Dataset excerpts
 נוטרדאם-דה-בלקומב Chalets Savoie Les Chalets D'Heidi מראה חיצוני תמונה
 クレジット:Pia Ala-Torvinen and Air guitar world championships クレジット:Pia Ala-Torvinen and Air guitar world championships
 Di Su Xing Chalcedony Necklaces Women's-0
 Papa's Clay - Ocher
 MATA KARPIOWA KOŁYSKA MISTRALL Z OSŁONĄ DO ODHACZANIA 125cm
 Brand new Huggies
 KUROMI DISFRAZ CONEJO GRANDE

ASSIGNED TASK » Within the records above, the line carrying "Di Su Xing Chalcedony Necklaces Women's-0" starts the range and the last line ends it. Set down that range exactly.

EXERCISE OUTPUT »
 Di Su Xing Chalcedony Necklaces Women's-0
 Papa's Clay - Ocher
 MATA KARPIOWA KOŁYSKA MISTRALL Z OSŁONĄ DO ODHACZANIA 125cm
 Brand new Huggies
 KUROMI DISFRAZ CONEJO GRANDE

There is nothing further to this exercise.